Rodriguez' memo, addressed to Secretary John R. Block but sidetracked by aides before it could reach him, urged changes at USDA--such as dropping minority hiring goals and quotas--that would then become "a benchmark" for the entire administration.
Rodriguez, a political appointee who joined USDA about a year ago, wrote that the Justice Department was playing a key role in orchestrating the changes he proposed that Block put in place.

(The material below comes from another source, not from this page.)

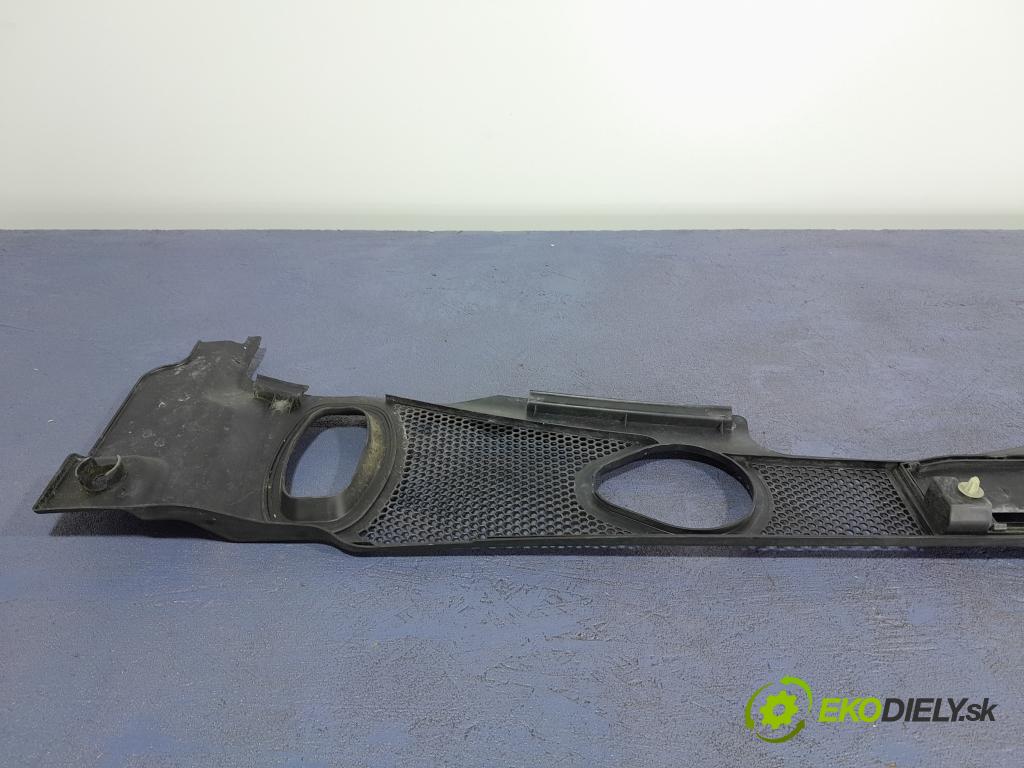 Audi A4 2009 torpédo 8K1819447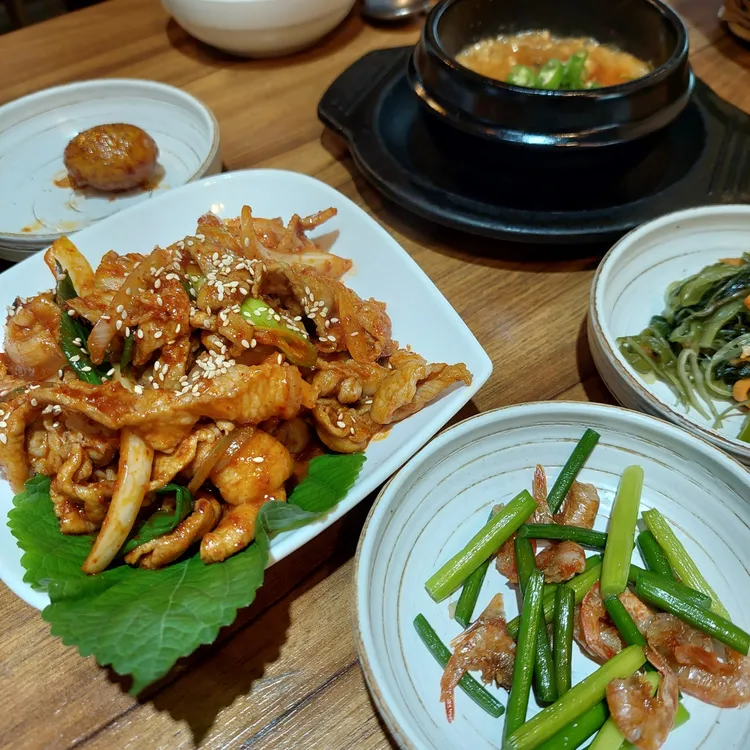 김이순장춘 대표 사진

At his televised news conference Wednesday, President Reagan said he was unaware of the Rodriguez memo but that he would "look into it." USDA officials, however, said yesterday that they had had no further instructions from the White House.

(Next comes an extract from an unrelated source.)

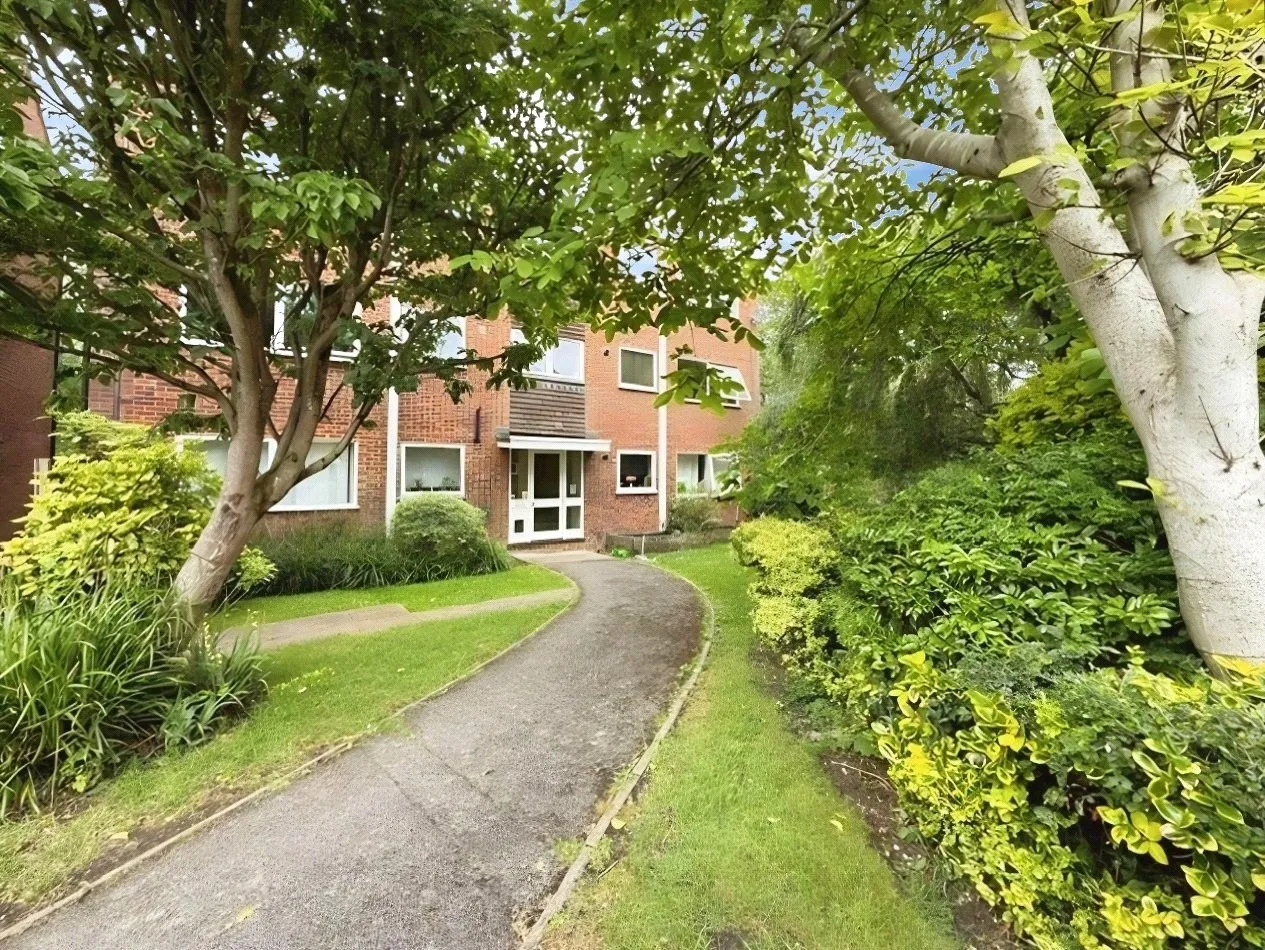 2 bed flat for sale — Henley Drive, Frimley Green, Camberley, Surrey, GU16 6JT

On another front, Assistant Attorney General William Bradford Reynolds, chief civil rights enforcer at the Justice Department, denied that he had had any contact with Rodriguez and said he was unaware of a plan described by Rodriguez to make USDA the administration's lead agency in watering down rights enforcement.
"To the extent that Mr. Rodriguez suggests there needs to be a review of federal regulations to modify quota requirements based on race, I would agree with that," Reynolds said. "As to the rest of the memo, we have not had any conversations nor was I aware of any plan to use Department of Agriculture regulations as the vehicle for widespread regulatory reform."
Block was in Mexico yesterday, but in his absence Deputy Secretary Richard E. Lyng approved an order putting Rodriguez on leave while an investigation is conducted into the background of the controversy. Rodriguez could not be reached for comment.
Departmental sources indicated that the investigation very likely also would deal with allegations by USDA employes that Rodriguez has "bullied" and run roughshod over bureaucrats in his Office of Minority Affairs and systematically reduced minority protection actions. Acting Assistant Secretary John Franke, who earlier stopped the memo from going to Block, said this week that he had taken up some of the allegations with Rodriguez and that he expected improvements in management of the office.
Other officials indicated that USDA also will take a new look at another controversy involving Rodriguez--his collection of unemployment benefits from the District of Columbia in 1980 when he actually was employed.
After an investigation, the district's Department of Employment Services (DES) recovered $1,267 it had paid to Rodriguez when he was working for the D.C. government. Later unemployed again, he collected more benefits in 1980 and 1981 but was cut off in mid-1981 and disqualified from further aid for two years.
Rodriguez appealed the disqualification, but was overruled last year by the D.C. Court of Appeals, which held that "there is substantial record evidence to support a finding that petitioner Rodriguez committed fraud."
He now is seeking a reversal of that at the U.S. Supreme Court, which has not acted on his petition. Grace Rosner, general counsel for DES, said the district is challenging Rodriguez' new move. "We have filed a motion before the court and I am confident that our position will be vindicated," she said.